Baru Chandidas: Śrī-kṛṣṇa-kīrtana

In the case of the Krishna mythological themes, of course, we have a long history of folk elements being coopted into the highbrow or Sanskritic culture and a reverse movement of Sanskritic sophistication being reincorporated into folk depictions of those themes. In the particular case of the dāna-līlā, it is my contention that the version of Chandidas, which is the earliest extant recounting of the theme in Bengali literature, was found wanting as an expression of romantic love and was thus superseded, at first by another Bengali version, the Gopāla-vijaya (GV) by Daivakinandan Singh, and then by Rupa Goswami’s Sanskrit version in Dāna-keli-kaumudī (DKK), which in turn influenced the renewed version of the theme which then was reintroduced in Bengali through mahājanas like Govinda Das and Jnana Das. There are, of course, other versions, but I will restrict this discussion principally to Badu Chandidas’s Śrī-kṛṣṇa-kīrtana (SKK), GV and DKK.
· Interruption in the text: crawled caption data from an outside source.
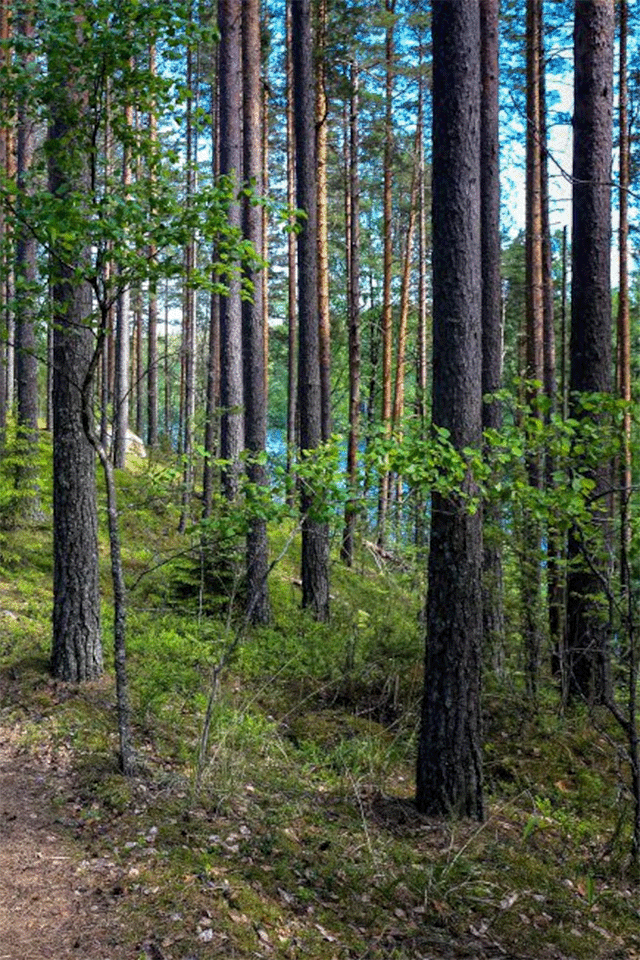 bosque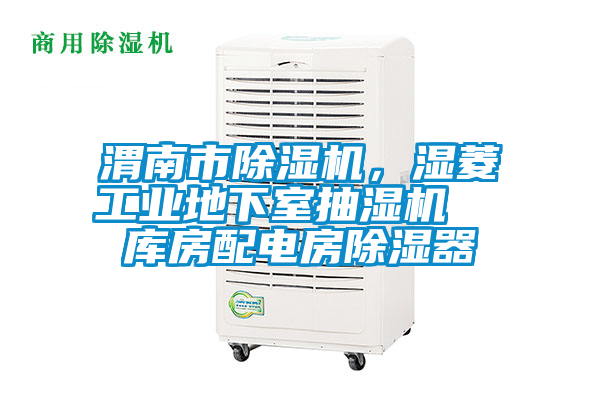 渭南市除濕機，濕菱工業(yè)地下室抽濕機  庫房配電房除濕器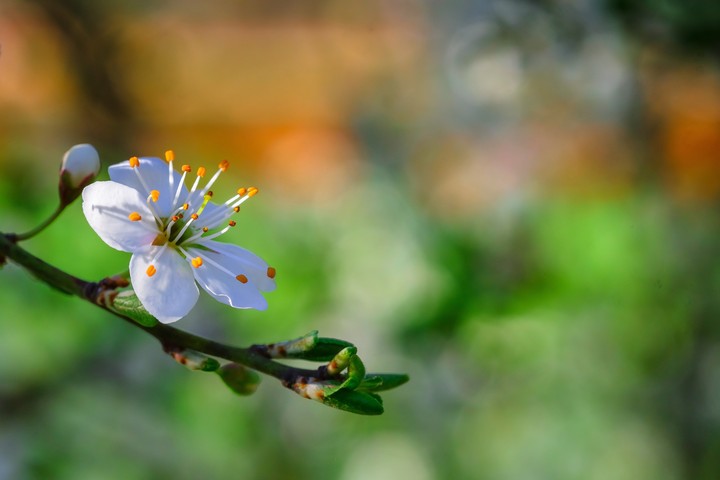 spring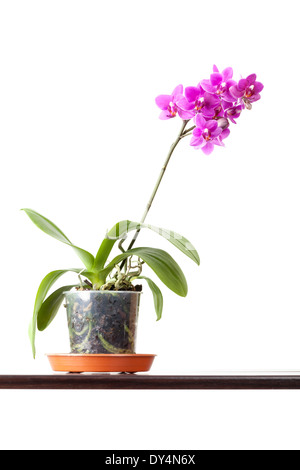 Orchidée fleur rose domestique en pot isolé sur fond blanc Banque D'Images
Almost everything about Badu Chandidas’s Śrī-kṛṣṇa-kīrtana (SKK) is in dispute: its date, its title, its author and its value. We will ignore most of these and simply accept the conventional wisdom that it does indeed predate the advent of Chaitanya, or at least his apparition as a prominent religious leader in 1510. I furthermore hold that SKK is likely representative of the Krishna myth cycle as it was popular in the vernacular prior to the sanitizing or sanskritizing influence of the Bhāgavata-purāṇa.
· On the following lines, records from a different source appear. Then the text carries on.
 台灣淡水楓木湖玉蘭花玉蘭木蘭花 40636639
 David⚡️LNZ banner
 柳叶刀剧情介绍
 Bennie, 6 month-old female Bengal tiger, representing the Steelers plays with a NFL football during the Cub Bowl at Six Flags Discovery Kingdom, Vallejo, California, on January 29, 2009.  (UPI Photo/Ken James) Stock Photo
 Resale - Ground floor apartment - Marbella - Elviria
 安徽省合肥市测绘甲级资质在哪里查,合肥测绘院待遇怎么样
It must be noted here that in one sense, SKK has been retrieved from the dustbin of history and is thus of interest as an archeological rather than a living specimen. It is, of course, improper to attribute a moral value to inexorable time—why some things survive and others don’t—but in this case I am going to be bold and say that the Krishna in SKK ceased to appeal to audiences whose sensibilities had been transformed by the theological and aesthetic refinements introduced by the Bhāgavata-purāṇa and subsequently by Rupa Goswami. This does not mean that from our vantage point in the 21st century, the same aesthetic will apply. Indeed, while discussing criticisms of the erotic character of SKK, in the introduction to her translation of SKK, Klaiman says,
...raciness and eroticism in themselves constitute no reason for excluding a writing from the Bengal Vaishnava tradition. Nor does the subjective factor of taste, for DKK suffers from a shortness of this quality. SKK is composed in the vernacular, an idiom that, if not always elegant, carries with it a quality of vivacious honesty. DKK, on the other hand, is composed in the sacred language, Sanskrit, an idiom ill-suited to the content of the work, which reads pedantically in consequence. If the two pieces are objectively judged and compared for tastefulness of composition and literary excellence, SKK should emerge as the clear superior.
While recognizing that there is some merit in this statement, we will try to give a different idea of why the SKK lost its appeal and was superseded, in the context of what has already been said.

The Dāna-khaṇḍa in SKK

SKK has 14 chapters, of which the Dāna-khaṇḍa is the third. Chandidas begins his story by summarily describing the puranic rationale for Krishna’s appearance in the Janma-khaṇḍa, based on the accounts of Hari-vaàśa and Viṣṇu-purāṇa, but not in the Bhāgavata. Indeed, since this particular myth demonstrates the primacy of Viṣṇu-Nārāyaṇa over Krishna and Balaram, it is not held in great affection by the acharyas of the Gaudiya school.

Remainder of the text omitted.